**What is needed:**
Exclude the pictures and repeat all of the data exactly.
*** Provided records ***
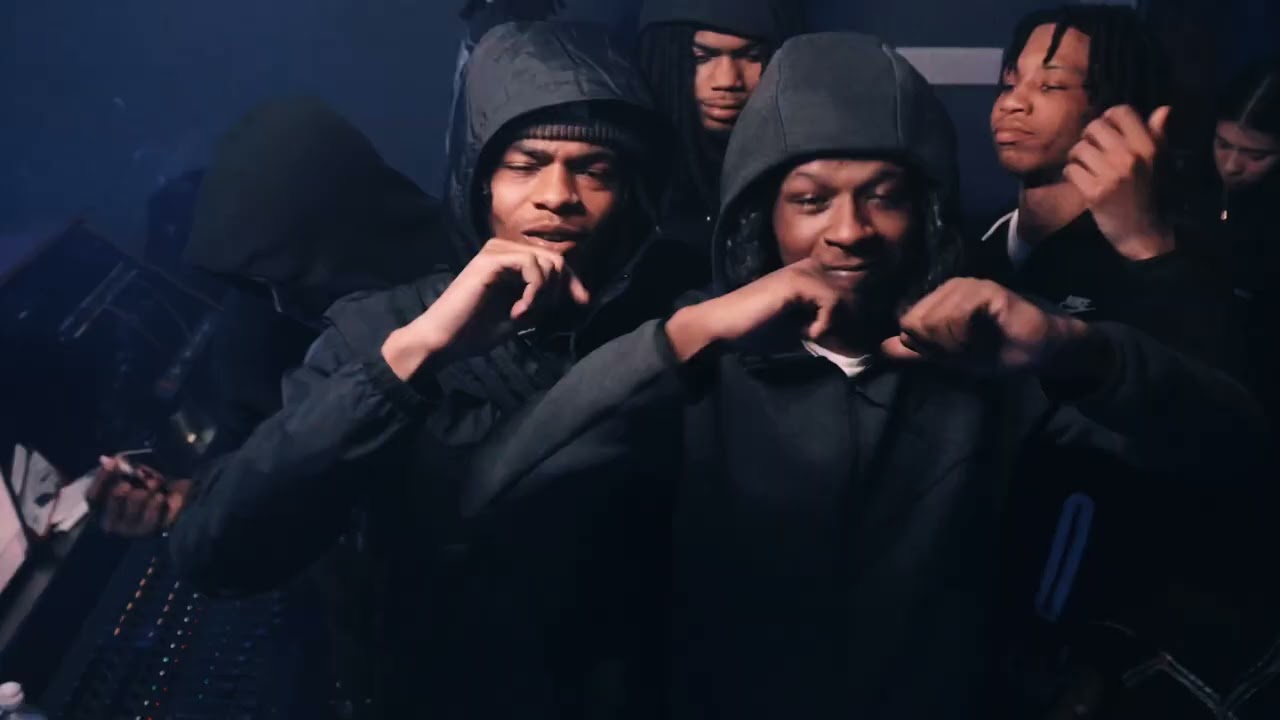 Jerr Mdub x Melly13 x Bdot 81x Smokes 81 x CamOneThree - Huh (Official Music Video)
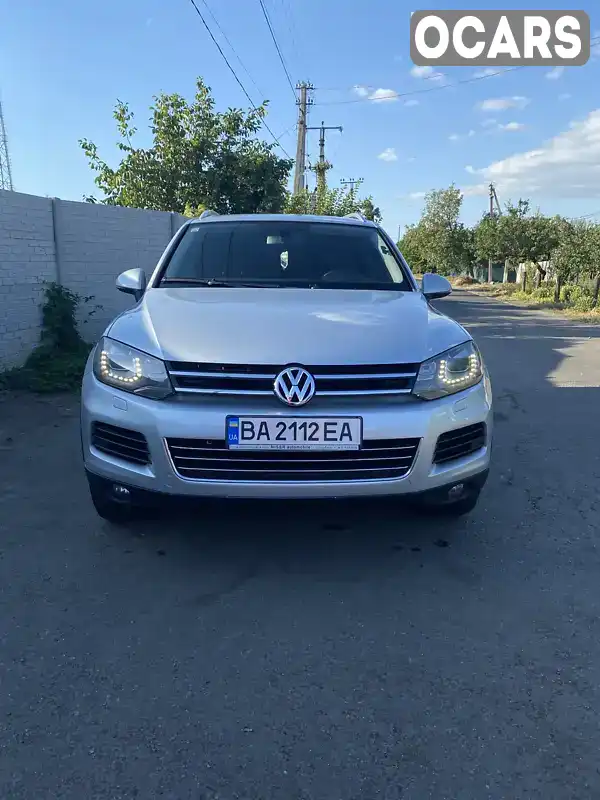 Позашляховик / Кросовер Volkswagen Touareg 2010 2.97 л. Автомат обл. Кіровоградська, Знам'янка - Фото 1/10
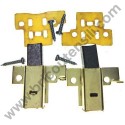 Carbon Brushe Set for Belt Sanders Skil 1210-1220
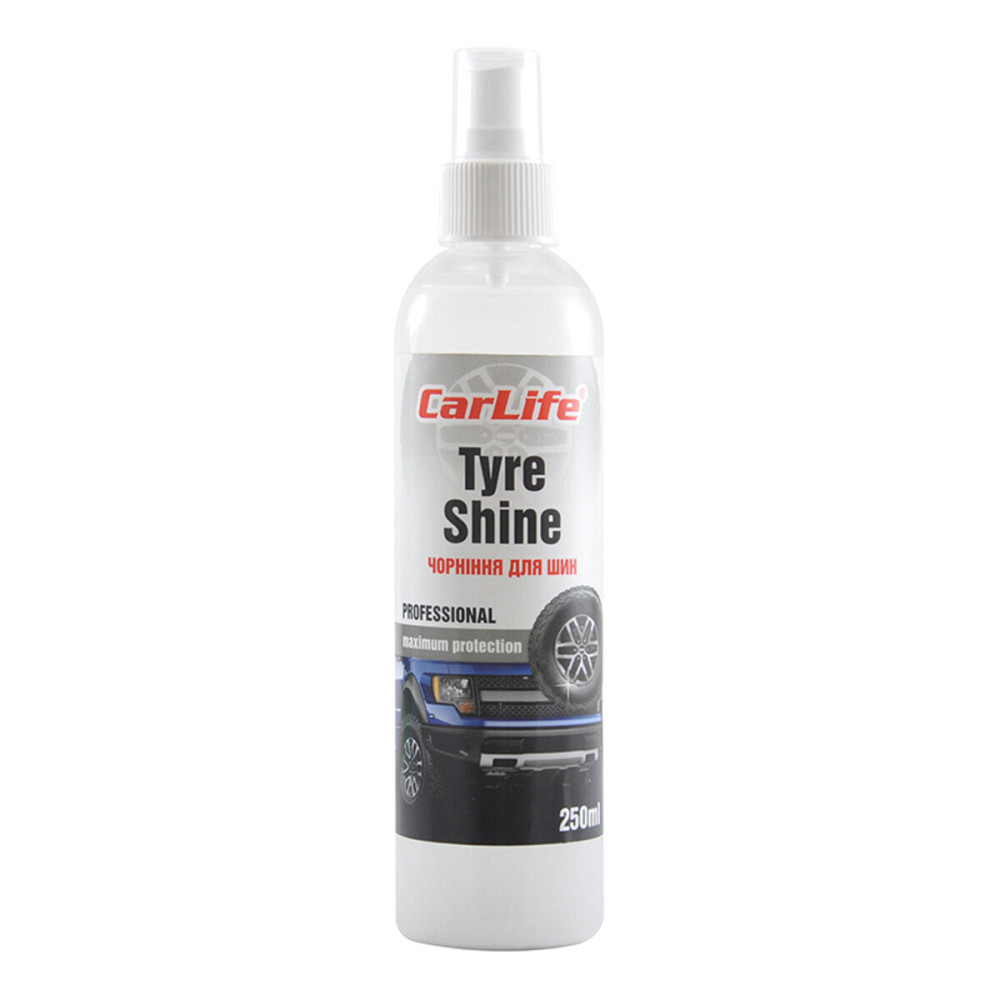 Чорніння для шин CarLife Tyre Shine, 250мл Київ - фото 1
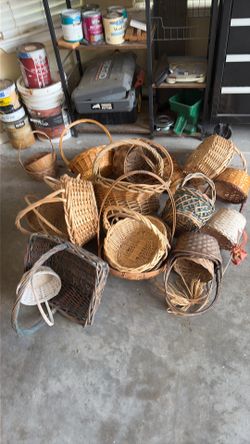 Wicker baskets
*** End of Provided records ***
**The completed task:**
 Jerr Mdub x Melly13 x Bdot 81x Smokes 81 x CamOneThree - Huh (Official Music Video)
 Позашляховик / Кросовер Volkswagen Touareg 2010 2.97 л. Автомат обл. Кіровоградська, Знам'янка - Фото 1/10
 Carbon Brushe Set for Belt Sanders Skil 1210-1220
 Чорніння для шин CarLife Tyre Shine, 250мл Київ - фото 1
 Wicker baskets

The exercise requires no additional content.